Editorial

Stem cell therapy for neurodegenerative diseases

Aging-related neurodegenerative disorders mainly include Alzheimer’s disease (AD) and Parkinson’s disease (PD). AD is the most common form of dementia, which is one of the major causes of disability and dependency in the elderly. Since the pathologic characteristics of AD are beta-amyloid (Abeta) plaques and neurofibrillary tangles (NFT) [1], depleting Abeta should be a useful therapy for AD. Extracellular Cathepsin B is associated with amyloid plaques, and colocalizes with Abeta in regulated secretory vesicles in chromaffin cells in AD brains. One report demonstrated that Cathepsin B reduces the relative abundance of Abeta through limited proteolysis, suggesting that the activation of Cathepsin B could offer a therapeutic strategy for AD [2]. Furthermore, antioxidants such as glutathione and vitamin E have been shown to be related to a reduced risk of AD resulting from a decrease in ROS levels, and protects against lipid peroxidation in the brain [3]. In contrast, PD is a chronic progressive disease, characterized by bradykinesia with tremors or postural instability.

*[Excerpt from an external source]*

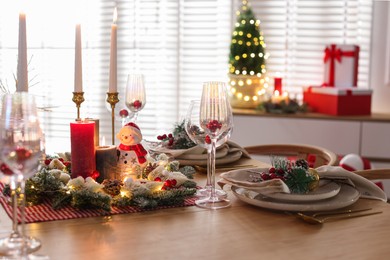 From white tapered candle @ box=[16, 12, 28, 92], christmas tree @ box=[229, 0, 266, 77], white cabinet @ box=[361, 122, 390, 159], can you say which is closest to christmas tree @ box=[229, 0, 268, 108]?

Its pathologic features show that dopaminergic neurons are lost in the mid-brain, associated with the activation of microglia [4]. Treatment of PD includes medications such as those used in dopamine replacement therapy, dopamine agonists, and anticholinergics, as well as exercise and physical therapy. All treatments aim to control symptoms but cannot prevent the development of the disease.

Neuroinflammation has been shown to be associated with the neurodegenerative diseases, and microglia have been reported to play an important role in the immune defense system of the central nervous system. Microglia activation and the release of associated inflammatory factors have been reported to contribute to chronic neurodegenerative disorders [5]. Stem cells mainly include embryonic stem cells (ESCs), inducible pluripotent stem cells (iPSCs) and tissue-derived stem cells such as bone marrow, fat tissue and cord blood. Stem cell-derived neurons have the potential to integrate into the existing neural networks of the host brain. Human ESCs appear to increase acetylcholine levels to improve cognition and memory in the animal model [6]. Human iPSCs can differentiate into neural cells, and one report showed that induced iPSCs generated from familial ADs into neurons may increase Abeta42 secretion, suggesting that these iPSCs provide a potential strategy for the development of drugs against AD [7]. Bone marrow-derived mesenchymal stem cells (MSCs) were able to home on the injured brain and remove Abeta plaques from the hippocampus and to reduce Abeta deposits through the activation of endogenous microglia in an induced AD mouse model [8]. Human umbilical cord-derived MSCs have been shown to improve memory deficits, and reduce Abeta deposition [9]. Moreover, one report showed that dopaminergic neurons can be induced from human ESCs, iPSCs, and non-human primate iPSCs [10]. Another report showed that bFGF promoted human BMMSCs to trans-differentiate into neural like cells in vitro, and to play a therapeutic role in a PD animal model [11]. Human umbilical cord-derived MSCs with overexpression of HGF can improve damaged neurons in PD animal models [12].

AD and PD are the most common forms of dementia in the elderly, and there has been a rapid increase in the number of patients worldwide. Pharmacological therapies for AD and PD are mainly aimed at relieving symptoms, but stem cell therapy has the potential to not only regenerate new neurons and replace damaged neurons but also to modulate the immune system. Advanced stem cell therapy is a potential clinical approach to the treatment of neurodegenerative diseases.

Acknowledgments

We would like to thank Mr. Hilary Eastwick-Field and Ms. Keiko Ando for their help in the preparation of the manuscript.